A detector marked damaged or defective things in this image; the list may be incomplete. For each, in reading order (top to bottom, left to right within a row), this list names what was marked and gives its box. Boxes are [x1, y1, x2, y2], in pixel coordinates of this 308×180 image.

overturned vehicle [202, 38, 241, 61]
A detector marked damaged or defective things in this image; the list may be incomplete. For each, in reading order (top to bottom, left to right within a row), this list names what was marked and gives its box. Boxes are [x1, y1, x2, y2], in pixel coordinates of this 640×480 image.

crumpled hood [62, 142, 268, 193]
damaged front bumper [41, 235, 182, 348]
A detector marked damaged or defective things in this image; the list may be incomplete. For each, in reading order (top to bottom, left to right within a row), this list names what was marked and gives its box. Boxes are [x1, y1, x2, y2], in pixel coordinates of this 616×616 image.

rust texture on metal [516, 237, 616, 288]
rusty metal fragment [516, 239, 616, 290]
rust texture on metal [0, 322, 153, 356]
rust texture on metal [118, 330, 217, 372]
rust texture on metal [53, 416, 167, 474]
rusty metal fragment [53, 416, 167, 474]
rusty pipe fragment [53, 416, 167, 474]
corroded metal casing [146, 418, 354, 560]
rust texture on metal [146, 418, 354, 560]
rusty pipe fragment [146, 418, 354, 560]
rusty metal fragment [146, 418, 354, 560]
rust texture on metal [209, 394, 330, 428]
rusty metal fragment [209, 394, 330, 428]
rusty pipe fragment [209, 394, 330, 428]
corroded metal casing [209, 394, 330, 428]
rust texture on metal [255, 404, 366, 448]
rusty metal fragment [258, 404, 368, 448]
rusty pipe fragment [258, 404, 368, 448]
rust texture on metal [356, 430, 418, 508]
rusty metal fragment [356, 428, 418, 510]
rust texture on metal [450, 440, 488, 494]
######
◆ **Exercise aim**: Your task is to transcribe the listing above in full and exactly.

◆ **Answer box**:
A detector marked damaged or defective things in this image; the list may be incomplete. For each, in reading order (top to bottom, left to right within a row), this list names what was marked and gives its box. Boxes are [x1, y1, x2, y2], in pixel coordinates of this 308×180 image.

overturned vehicle [202, 38, 241, 61]
A detector marked damaged or defective things in this image; the list may be incomplete. For each, in reading order (top to bottom, left to right within a row), this list names what was marked and gives its box. Boxes are [x1, y1, x2, y2], in pixel coordinates of this 640×480 image.

crumpled hood [62, 142, 268, 193]
damaged front bumper [41, 235, 182, 348]
A detector marked damaged or defective things in this image; the list may be incomplete. For each, in reading order (top to bottom, left to right within a row), this list names what was marked and gives its box. Boxes are [x1, y1, x2, y2], in pixel coordinates of this 616×616 image.

rust texture on metal [516, 237, 616, 288]
rusty metal fragment [516, 239, 616, 290]
rust texture on metal [0, 322, 153, 356]
rust texture on metal [118, 330, 217, 372]
rust texture on metal [53, 416, 167, 474]
rusty metal fragment [53, 416, 167, 474]
rusty pipe fragment [53, 416, 167, 474]
corroded metal casing [146, 418, 354, 560]
rust texture on metal [146, 418, 354, 560]
rusty pipe fragment [146, 418, 354, 560]
rusty metal fragment [146, 418, 354, 560]
rust texture on metal [209, 394, 330, 428]
rusty metal fragment [209, 394, 330, 428]
rusty pipe fragment [209, 394, 330, 428]
corroded metal casing [209, 394, 330, 428]
rust texture on metal [255, 404, 366, 448]
rusty metal fragment [258, 404, 368, 448]
rusty pipe fragment [258, 404, 368, 448]
rust texture on metal [356, 430, 418, 508]
rusty metal fragment [356, 428, 418, 510]
rust texture on metal [450, 440, 488, 494]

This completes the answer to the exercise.